Nico Hanke: Well, apart from global sales structures we always need steady nerves and a great deal of patience and staying power. For we as component suppliers only find out about the investment decisions of the Asian, South American, Australian or Russian mine operators and mining companies with a certain delay. We supply our freewheels, brakes or clutches to renowned system manufacturers such as Rexnord, which acts on the behalf of major plant engineers from the league of ThyssenKrupp, which in turn realise large-scale projects for mining enterprises overseas. And so it can always take a few months for the big decisions to reach to our component supplier level as projects.
Will not all competitors in all product segments of RINGSPANN have similar expectations to you and be right beside you in the starting holes ready to sprint at the right moment?
Nico Hanke: Sure, but that is not a new situation for us. We see it as more of an incentive and I feel that we are currently very well prepared for the forthcoming upturn in the mining industry. Recently, our extensive portfolio in particular has emerged as a convincing unique selling point of RINGSPANN. There are not many component suppliers who manufacture so many different drive components that also complement each other so perfectly in terms of function and design. The visitors of our stand at the mining trade fairs CIME 2016 in Peking were very impressed by this. And I am quite sure we will also manage to convince with our range at the Hillhead 2016 Exhibition from 28 to 30 June 2016 in Great Britain and in September at the Electra Mining Africa in Johannesburg and the MINEXPO 2016 in Las Vegas.
Can you give us an example of what advantages this has for design engineers in mining technology?
Nico Hanke: You see, a system manufacturer or plant construction company not only gets fast and slow running freewheels and overload clutches from us for the drive systems of conveyor belts, crushers or bucket conveyers, but also brake systems and controls for the controlled braking of bulk material belts as well as many kinds of shaft-hub connections. With this selection, we are something of an ideal partner for designers and engineers in mining engineering. It has also meant that we have recently been able to assert ourselves in the fluctuant long-term cycle of the international raw materials market much better than some competitors. At the same time, we have managed to score brownie points in customer focus with great flexibility and convince again and again with great power of innovation in technology and engineering.

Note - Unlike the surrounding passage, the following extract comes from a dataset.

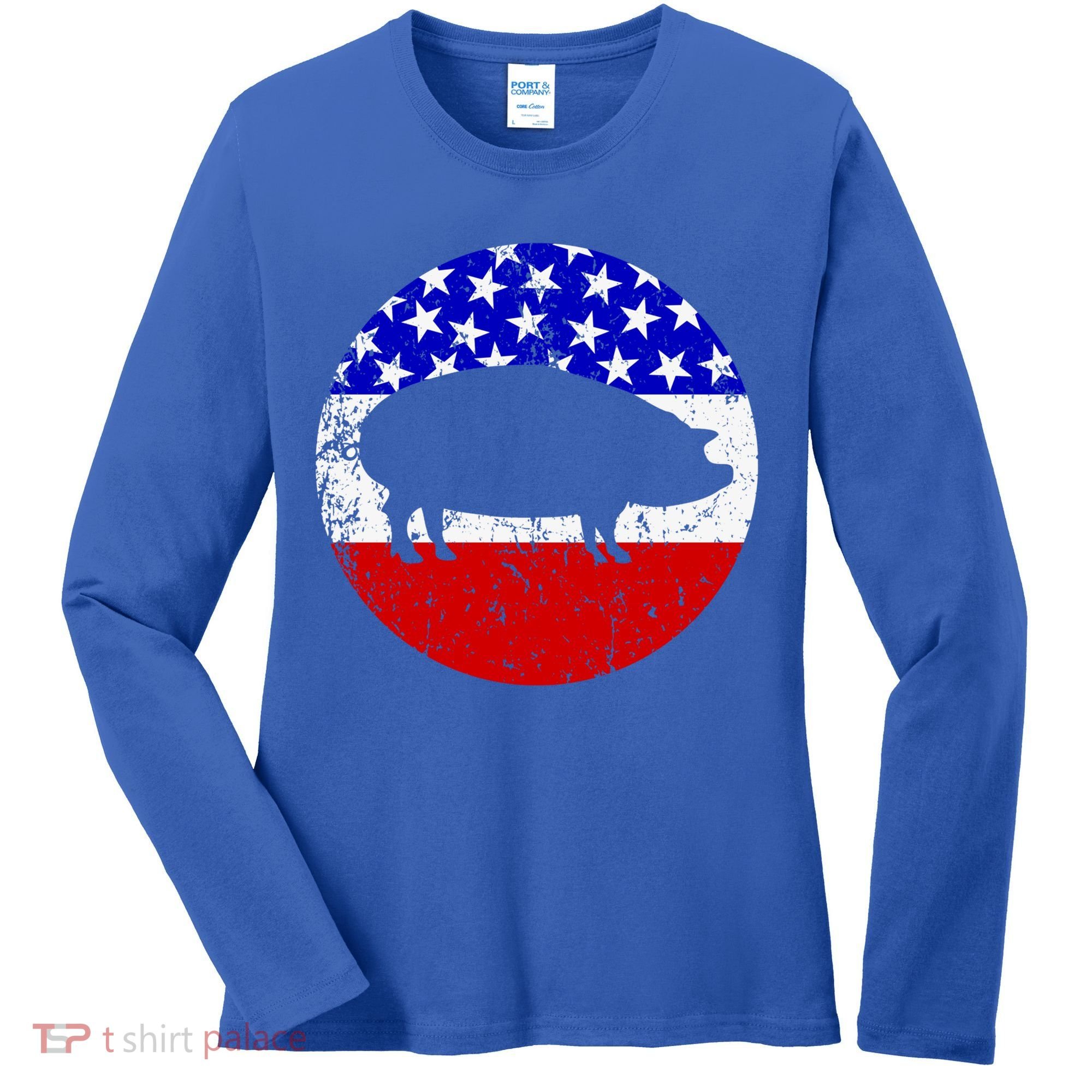 Pig Roast Retro Style Bbq Cookout American Flag Cute Gift Women's Long Sleeve Shirt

Talking of innovation: Can you give us some current examples of innovative products?
Nico Hanke: An outstanding innovation of the last few months is our new RIMOSTAT® high-performance friction torque limiter RSHD, which was developed as overload protection for heavy-duty applications. It is able to keep the highest slipping torques of up to 60,000 Nm constant over a very long operating time with minimum wear and stands out for its high dry running stability. We therefore offer an ideal solution for use in the mining industry′s bucket wheel excavators, crushing units and conveyor systems. A further example of our innovativeness of engineering is our largest housing freewheel yet, which we implemented for an Asian plant construction company. Its nominal torque of over 40,000 Nm sets standards internationally. And our new electrical disc brakes with clamping forces of up to 24 kN are high-performance components for the retention or emergency stop systems in the hoisting winches of mining installations.
What country do you think is responsible for the decisive momentum that has triggered an upturn in the raw materials industry?
Nico Hanke: Well, the first signals that the price of copper could rise have come to us from China. That would be an important early indicator. I have no doubt that the growth period will begin soon, the question is just when exactly. As I have said – we always need a great deal of patience and steady nerves.